Pneumonia merupakan penyakit yang sering terjadi pada setiap tahunnya menyerang sekitar 1% penduduk Amerika. Meskipun telah ada kemajuan dalam bidang antibiotic, pneumonia tetap sebagai penyebab terbanyak dari kematian di Amerika.

ETIOLOGI

Penyebab bronkopneumonia yang iasa dijumpai adalah factor infeksi (tersering):

* Bakteri : pneumococcus, Streptococcus, Stafilokokkus, Haemofilus influenza, Mycobacterium tuberculosis.
* Virus : respiratory synctitial virus, adenovirus, cytomegalovirus, virus influenza B.
* Jamur : histoplasmosis, Candida albicans, Aspergillus, dll.


PATOGENESIS

Pneumococcus masuk ke dalam paru melalui jalan pernapasan secara percikan. Pneumokokkus ummunya mencapai alveoli lewat percikan mucus atau saliva. Lobus bagian bawah paru paling sering terkena efek gravitasi.

Agen-agen mikroba yang menyebabkan pneumonia memiliki 3 bentuk transisi primer:

* Aspirasi secret yang berisi mikroorganisme pathogen yang telah berkolonisasi pada orofaring
* Inhalasi aerosol yang infeksius
* Penyebaran hematogen dari bagian ekstrapulmonal.


Aspirasi dan inhalasi agen-agen infeksius adalah dua cara tersering yang menyebabkan pneumonia, sementara penyebaran cara hematogen lebih jarang terjadi. Akibatnya, factor-faktor predisposisi termasuk juga berbagai defisiensi mekanisme pertahanan sistem pernafasan. Kolonisasi basilus gram negatif telah menjadi subjek penelitian akhir-akhir ini.

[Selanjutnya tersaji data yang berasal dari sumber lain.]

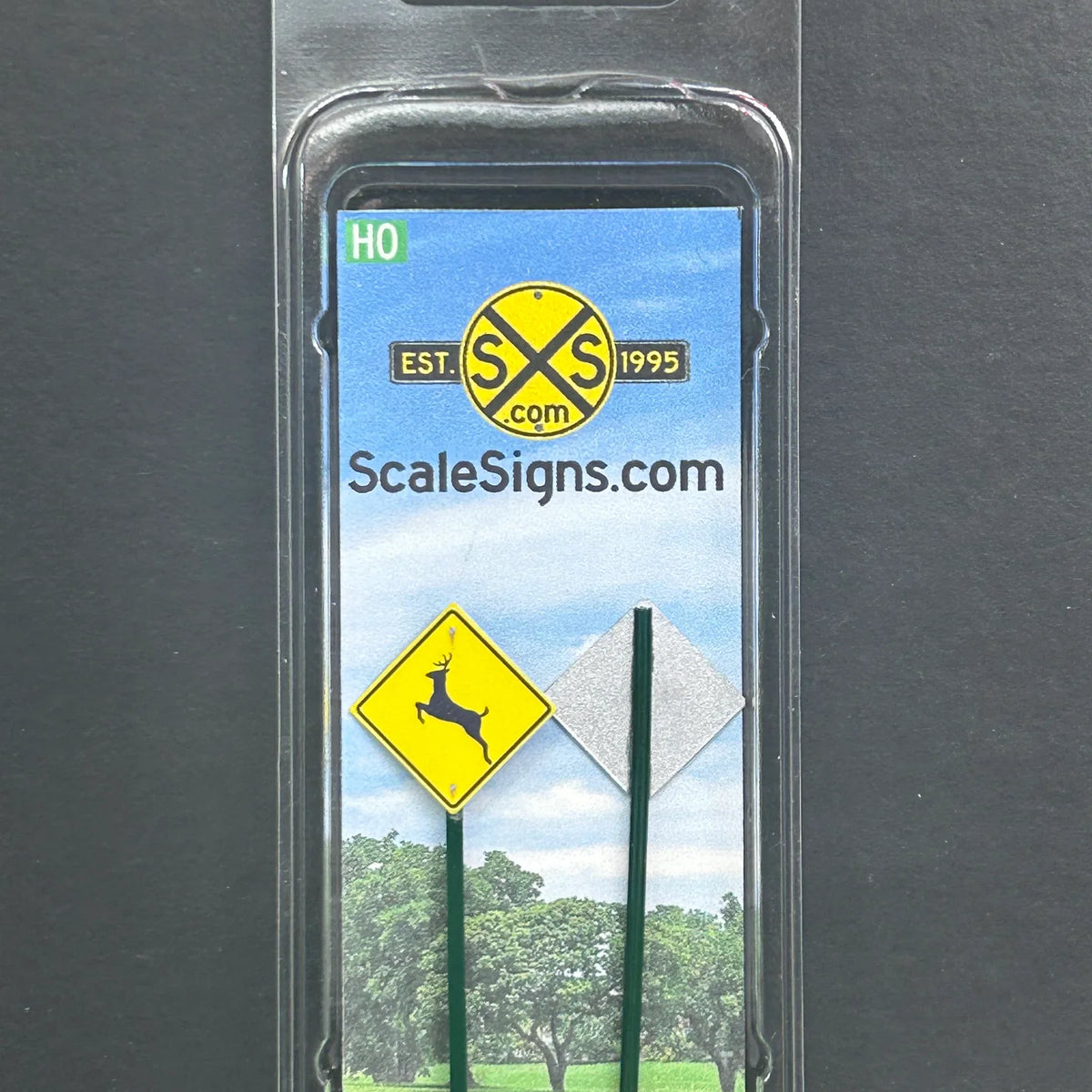 ScaleSigns HO-3128C HO Scale Deer Sign (2 Pack) — White Rose Hobbies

Mekanisme daya tahan traktus respiratorius bagian bawah sangat efisien untuk mencegah infeksi yang terdiri dari :

1. Susunan anatomis rongga hidung
2. Jaringan limfoid di nasofaring
3. Bulu getar yang meliputi sebagian besar epitel traktus respiratorius dan sekret lain yang dikeluarkan oleh sel epitel tersebut
4. Refleks batuk
5. Refleks epiglotis yang mencegah terjadinya aspirasi sekret yang terinfeksi
6. Drainase sistem limfatis dan fungsi menyaring kelenjar limfe regional
7. Fagositosis aksi limfosit dan respon imunohumoral terutama Ig A
8. Sekresi enzim-enzim dari sel-sel yang melapisi trakeo-bronkial yang bekerja sebagai anti mikroba yang non spesifik.


Bila pertahanan tubuh tidak kuat maka mikroorganisme dapat melalui jalan nafas sampai ke alveoli yang menyebabkan radang pada dinding alveoli dan jaringan sekitarnya.3

Setelah itu mikroorganisme tiba di alveoli mementuk suatu proses peradangan yang meliputi empat stadium, yaitu:1,3,7

A. Stadium I (4 – 12 jam pertama/kongesti)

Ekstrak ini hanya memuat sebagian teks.